If you save around another £100, which very well may be worth it - you could be looking at a lovely road-hybrid cycle, just throwing out an idea


----------



## stephen.rooke (25 Jul 2012)

Kasio said:


> If you save around another £100, which very well may be worth it - you could be looking at a lovely road-hybrid cycle, just throwing out an idea


 
depends where your riding. i would hate having to use a hybrid to get to work every day


----------



## Kasio (25 Jul 2012)

stephen.rooke said:


> depends where your riding. i would hate having to use a hybrid to get to work every day


Fair enough mate, I suppose having somewhat of decent quality roads and tracks nearby are an advantage!


----------



## vickster (25 Jul 2012)

I do... only about 5 miles each way  As do many others...fast hybrid however, no suspension, carbon forks, roads around here are shocking, even the main ones

Considering a roadbike though if can find one that takes guards & rack, has the right gearing (min Tiagra) and is the right price...two wheeled holy grail 

I do however have a carbon roadbike for the weekend when it's dry and an MTB for rougher stuff and mud


----------



## stephen.rooke (26 Jul 2012)

i have pretty decent roads. just like the speed of a road bike and the riding position. my problem is im always rifing as fast as i can, trying to get to work in under 20mins, down to 20:52 so far (7 mile journey) averaging 19.8mph, ill hit the 20mph oneday lol


----------



## Sandra6 (26 Jul 2012)

tilly said:


> Yes I have seen that, it's between a triban, C virtuoso and C tdf what's the difference except price between them all?


The tdf is yellow?! 
Tbh there won't be much difference between the two carreras, they're just pushing the yellow one on the back of the TdeF. 
I can't comment on the triban though. Which is your local halfords?

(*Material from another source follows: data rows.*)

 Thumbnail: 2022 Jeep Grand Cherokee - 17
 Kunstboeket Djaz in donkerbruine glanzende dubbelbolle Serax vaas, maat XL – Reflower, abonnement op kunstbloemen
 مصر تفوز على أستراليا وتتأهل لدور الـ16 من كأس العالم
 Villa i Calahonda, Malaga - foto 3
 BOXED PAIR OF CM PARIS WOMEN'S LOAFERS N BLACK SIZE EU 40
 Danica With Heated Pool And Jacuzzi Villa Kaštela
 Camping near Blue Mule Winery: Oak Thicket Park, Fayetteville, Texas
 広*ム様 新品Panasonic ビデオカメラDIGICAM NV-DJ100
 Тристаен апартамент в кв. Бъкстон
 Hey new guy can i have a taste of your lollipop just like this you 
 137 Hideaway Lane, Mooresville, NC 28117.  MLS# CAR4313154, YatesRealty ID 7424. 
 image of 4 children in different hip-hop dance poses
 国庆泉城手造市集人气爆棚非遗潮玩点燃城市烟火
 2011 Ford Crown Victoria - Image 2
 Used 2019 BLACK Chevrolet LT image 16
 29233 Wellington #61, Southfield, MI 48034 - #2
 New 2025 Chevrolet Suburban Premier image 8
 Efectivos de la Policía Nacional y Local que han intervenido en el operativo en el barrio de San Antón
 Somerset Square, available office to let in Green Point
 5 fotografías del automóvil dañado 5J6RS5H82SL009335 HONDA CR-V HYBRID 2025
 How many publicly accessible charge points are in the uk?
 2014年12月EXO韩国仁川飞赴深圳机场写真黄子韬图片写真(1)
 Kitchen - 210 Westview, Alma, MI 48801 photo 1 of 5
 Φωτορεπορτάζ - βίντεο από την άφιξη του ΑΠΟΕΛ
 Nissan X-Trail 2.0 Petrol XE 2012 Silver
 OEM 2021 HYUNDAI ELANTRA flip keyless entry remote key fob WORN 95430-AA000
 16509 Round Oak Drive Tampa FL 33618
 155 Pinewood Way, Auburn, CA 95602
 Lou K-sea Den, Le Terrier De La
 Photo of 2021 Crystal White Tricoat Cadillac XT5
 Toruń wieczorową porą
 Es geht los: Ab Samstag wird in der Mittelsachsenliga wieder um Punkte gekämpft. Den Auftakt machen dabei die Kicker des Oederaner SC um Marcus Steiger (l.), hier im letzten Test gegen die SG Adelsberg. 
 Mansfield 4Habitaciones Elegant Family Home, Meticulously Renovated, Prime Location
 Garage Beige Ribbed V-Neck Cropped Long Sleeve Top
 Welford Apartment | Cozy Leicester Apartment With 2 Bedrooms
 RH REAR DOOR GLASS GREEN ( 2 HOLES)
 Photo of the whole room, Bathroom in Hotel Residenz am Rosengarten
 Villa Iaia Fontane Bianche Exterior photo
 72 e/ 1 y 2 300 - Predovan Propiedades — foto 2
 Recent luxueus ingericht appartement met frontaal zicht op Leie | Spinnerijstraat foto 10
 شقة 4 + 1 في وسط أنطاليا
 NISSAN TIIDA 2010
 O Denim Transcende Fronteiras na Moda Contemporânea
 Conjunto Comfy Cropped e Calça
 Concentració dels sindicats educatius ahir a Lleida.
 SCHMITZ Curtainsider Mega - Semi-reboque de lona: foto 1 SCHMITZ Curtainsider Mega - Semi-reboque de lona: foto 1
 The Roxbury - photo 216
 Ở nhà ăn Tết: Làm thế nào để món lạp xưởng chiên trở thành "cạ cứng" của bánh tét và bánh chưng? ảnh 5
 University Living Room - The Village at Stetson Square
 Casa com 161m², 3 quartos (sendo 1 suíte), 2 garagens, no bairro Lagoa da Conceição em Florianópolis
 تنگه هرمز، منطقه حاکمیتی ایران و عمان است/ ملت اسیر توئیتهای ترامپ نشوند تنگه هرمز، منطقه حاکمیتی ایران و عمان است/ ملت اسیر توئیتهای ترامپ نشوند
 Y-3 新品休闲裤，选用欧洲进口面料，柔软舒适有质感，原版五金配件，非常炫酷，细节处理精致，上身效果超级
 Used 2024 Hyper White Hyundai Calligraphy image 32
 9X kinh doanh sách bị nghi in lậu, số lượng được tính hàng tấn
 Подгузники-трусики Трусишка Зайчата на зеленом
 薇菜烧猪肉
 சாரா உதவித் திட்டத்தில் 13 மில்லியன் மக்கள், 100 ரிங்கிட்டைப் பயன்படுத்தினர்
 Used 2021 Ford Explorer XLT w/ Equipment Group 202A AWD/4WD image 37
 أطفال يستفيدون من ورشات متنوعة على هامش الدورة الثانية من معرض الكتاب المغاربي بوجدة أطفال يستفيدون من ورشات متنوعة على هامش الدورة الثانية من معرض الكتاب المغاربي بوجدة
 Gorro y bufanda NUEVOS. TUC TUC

Depends where it is and who is working there as to the advice you get.


----------



## Andrius.B (26 Jul 2012)

This is nice too:
http://www.decathlon.co.uk/triban-5-id_8167039.html


----------



## vickster (26 Jul 2012)

The Triban 5 has a better groupset than the Bianchi (Sora vs 2300), both have a carbon fork to dampen road buzz

The Felt is a lot more money at £800 (unless you are happy buying unseen from Germany), and plays in a different league to the Bianchi - appears to have 105 on the rear which is several levels beyond the others


----------



## Cubist (26 Jul 2012)

tilly said:


> I shall! Important accessories? Travel first aid kit Helmet water bottle and cage! Have I covered all important accessories


Tilly, if you can get to a Decathlon, then do so. The stores are a real experience, with knowledgable, friendly staff. You'll find all the kit you need at good prices all under one roof. You'll come away wit the right bike, and sensible accessories at good prices.


----------



## Andrius.B (26 Jul 2012)

Usually, bikes from halfords (carrera and cboardman) and the triban family are better value for the money as long as you are buying under £1000. As you start going up from there, start considering other brands.
So in short, if I was bying a road bike under 1 grand, I would go for one of the above mentioned brands, if I had exactly 1 grand, I would get the Giant Defy 1, if I had way more, I would start looking at the other brands.


----------



## Deleted member 20519 (26 Jul 2012)

I'd probably go for the Triban 3, it's going to be properly built by Decathlon and sometimes they throw in some free accessories. Spend the extra £50 on some tyres and tubes, I hear the stock ones are heavy (about 3kg!)


----------



## vickster (26 Jul 2012)

Speedking...Yes, there are lots of makes of bike - Decathlon are relatively new to the UK and have I think 3 roadbikes in their range and about 10 stores dotted around the UK. Specialized have dozens of dealers for example and Halfords have a branch in every town almost. They also sell a lot of bikes through Cycle to work schemes - I expect that's partly why you see a lot in London

The Triban 3 is very well reviewed and offers very good vfm for £300. You can of course get a better bike for double or triple the money but a not insubstantial part of that cost will be paying for branding and marketing which Decathlon don't do too much of, relying on their good vfm and quality for the price

Pretty much all of the frames are made in the same factories in the far east, it is the quality and weight of the components (and the marketing) that determines the overall cost 

You pays your money and takes your choice - but the £300 Decathlon is probably not far off a £500 Specialized, Giant, Trek etc...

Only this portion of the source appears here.